• _ACTIVITY_
All of the data must be output exactly, with every picture left out.

• _SOURCE MATERIAL_
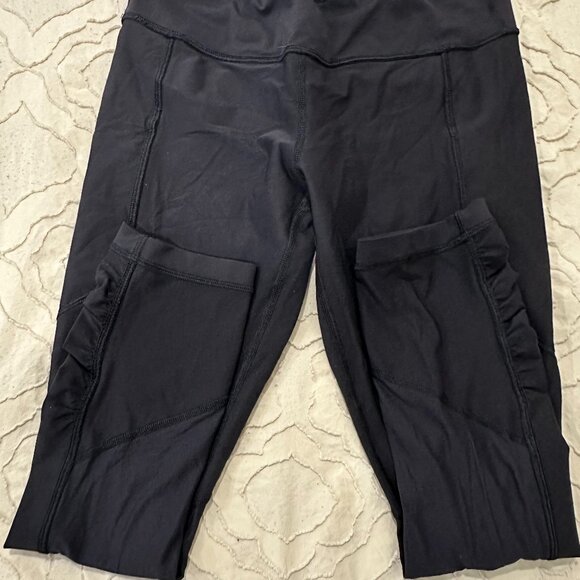 Like New Lululemon Size 6 - Picture 8 of 9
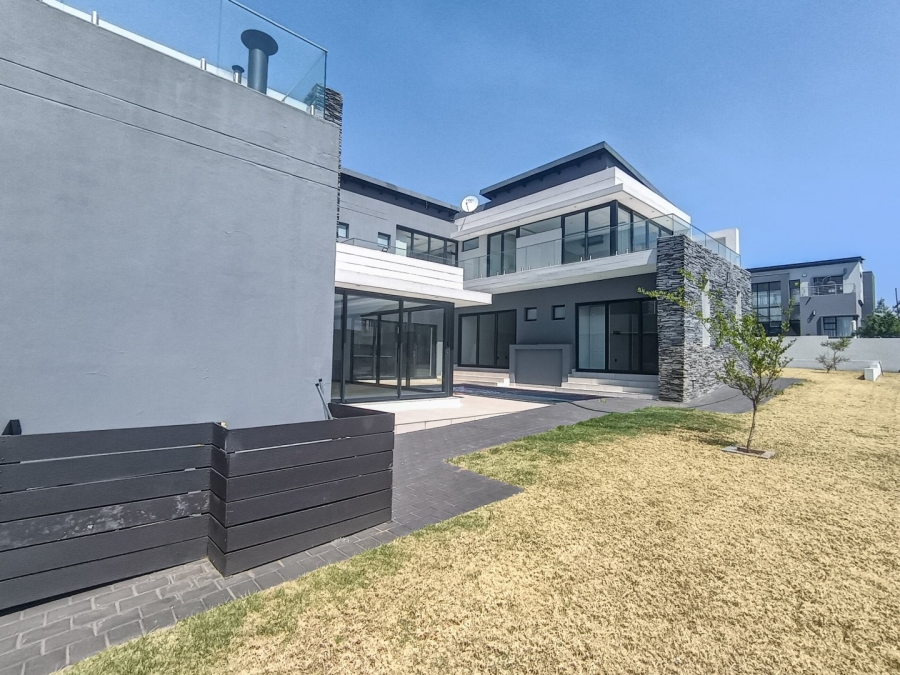 7 Bedroom Property for Sale in Midstream Ridge Gauteng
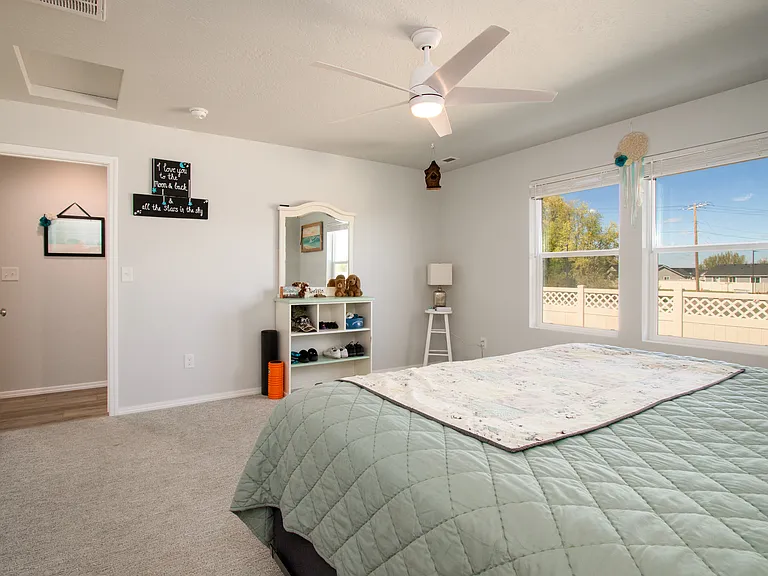 406 Hildago Way — Photo 32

• _OUTPUT FOR THIS TASK_
 Like New Lululemon Size 6 - Picture 8 of 9
 7 Bedroom Property for Sale in Midstream Ridge Gauteng
 406 Hildago Way — Photo 32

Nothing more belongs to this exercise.